Exactly the lines below starting at the line with "Quadro d'arte figurativa" and ending at the line with "Mancuerna Ajustable Automática 24 Kg Negro-2" are wanted, with both ends included. Leave out the pictures and add no other lines.

## Entries supplied
[Start of Attachment]

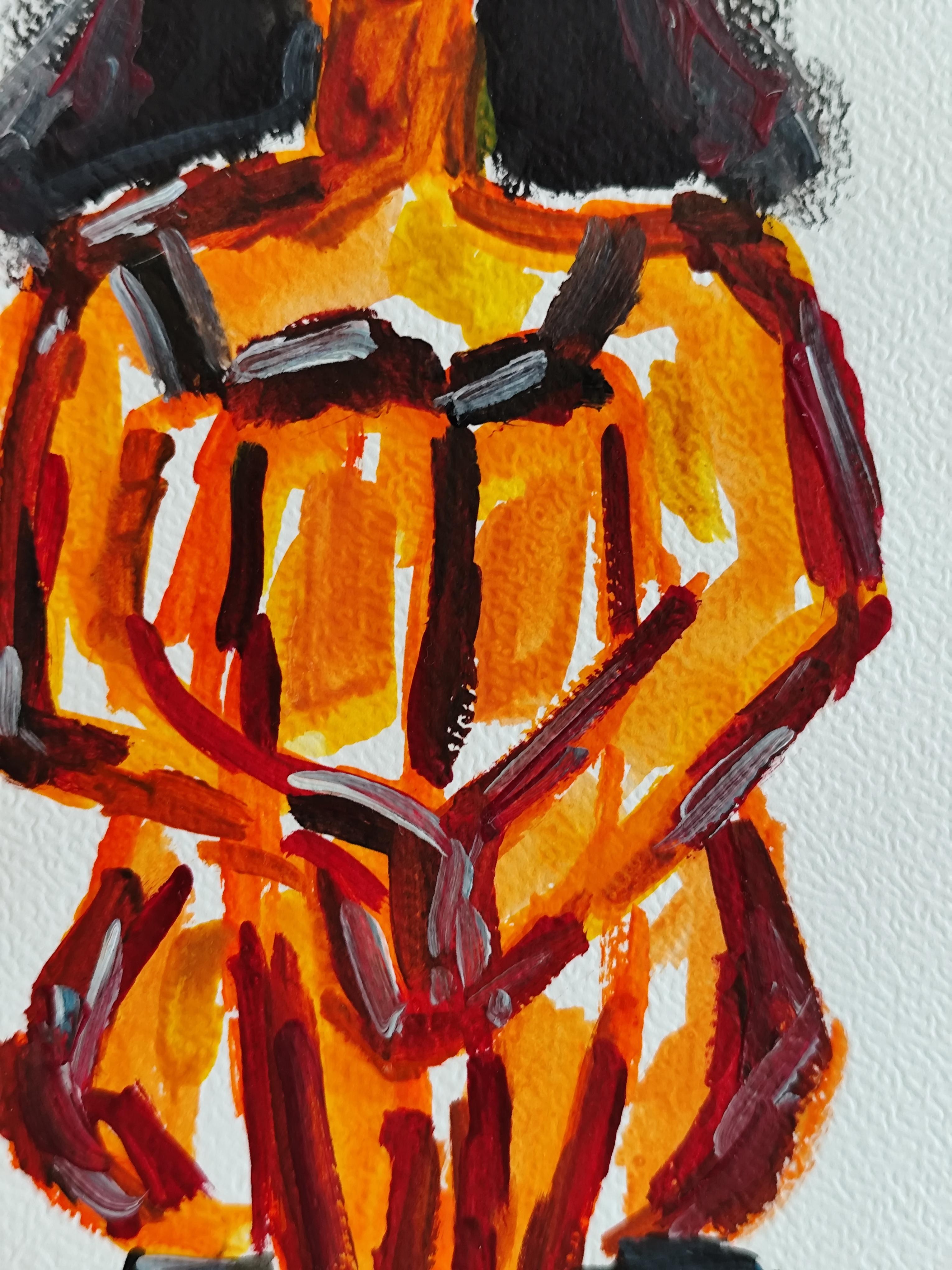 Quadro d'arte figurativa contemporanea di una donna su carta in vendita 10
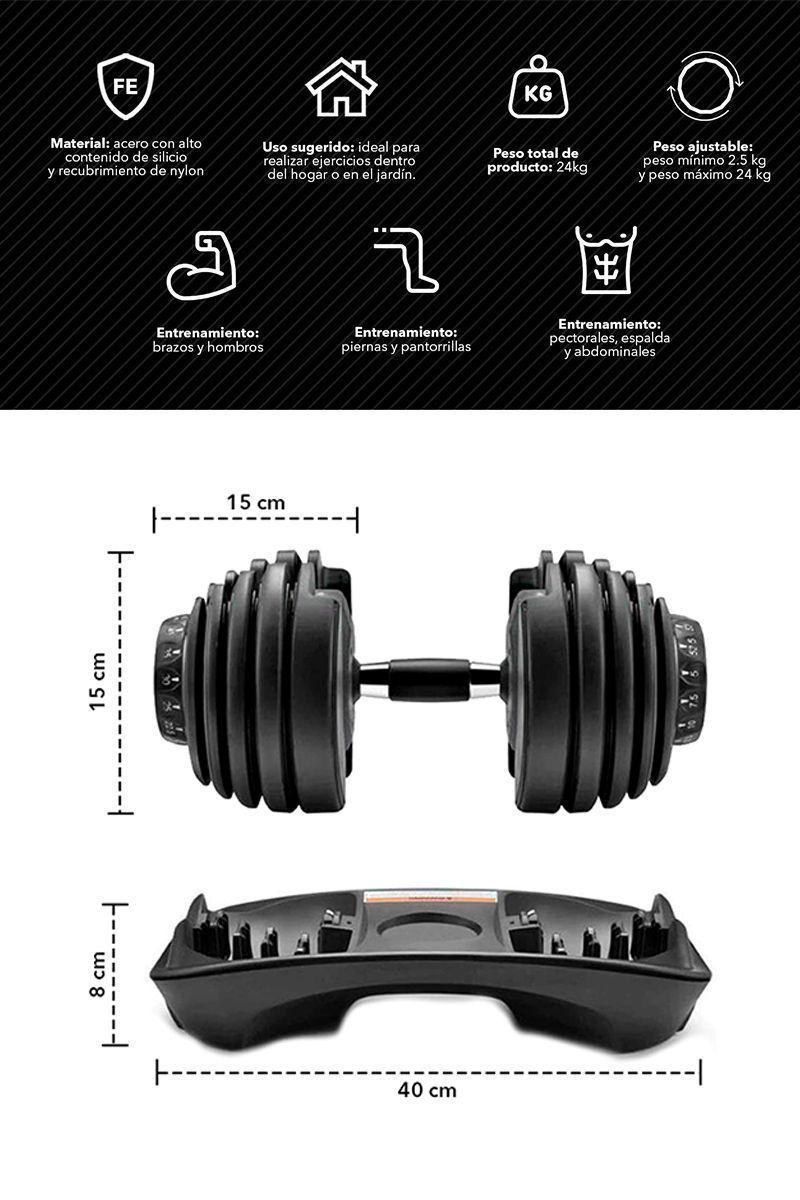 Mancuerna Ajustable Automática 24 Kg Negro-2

[End of Attachment]
[Start of Attachment]

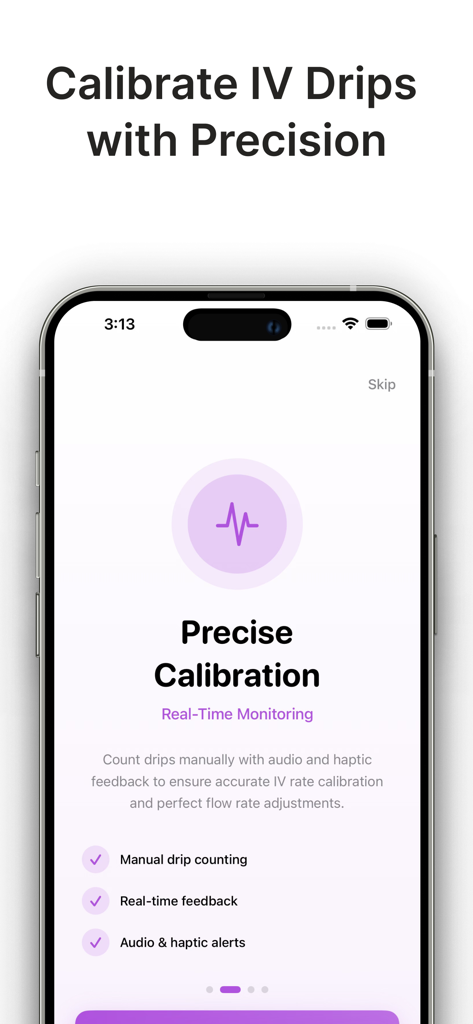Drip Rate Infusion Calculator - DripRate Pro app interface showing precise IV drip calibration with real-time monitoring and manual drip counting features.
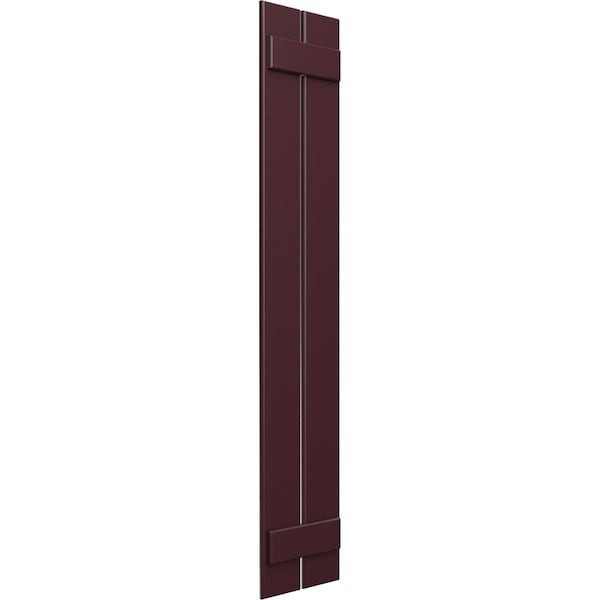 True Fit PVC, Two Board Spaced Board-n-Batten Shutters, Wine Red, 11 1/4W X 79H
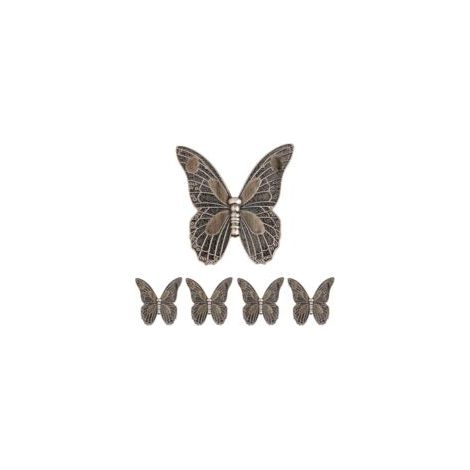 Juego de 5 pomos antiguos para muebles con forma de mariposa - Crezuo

[End of Attachment]
[Start of Attachment]

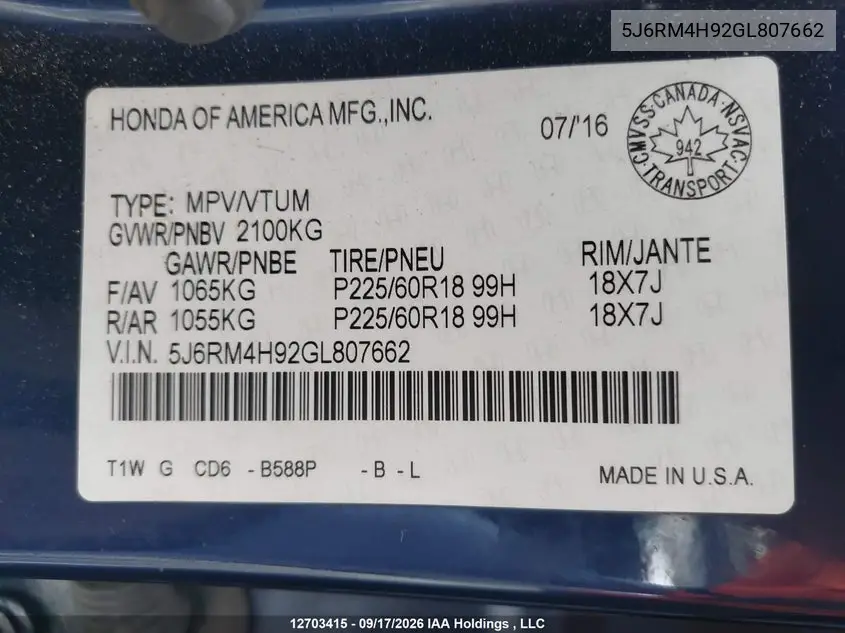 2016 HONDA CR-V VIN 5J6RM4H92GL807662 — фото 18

[End of Attachment]

## Finished exercise
 Quadro d'arte figurativa contemporanea di una donna su carta in vendita 10
 Mancuerna Ajustable Automática 24 Kg Negro-2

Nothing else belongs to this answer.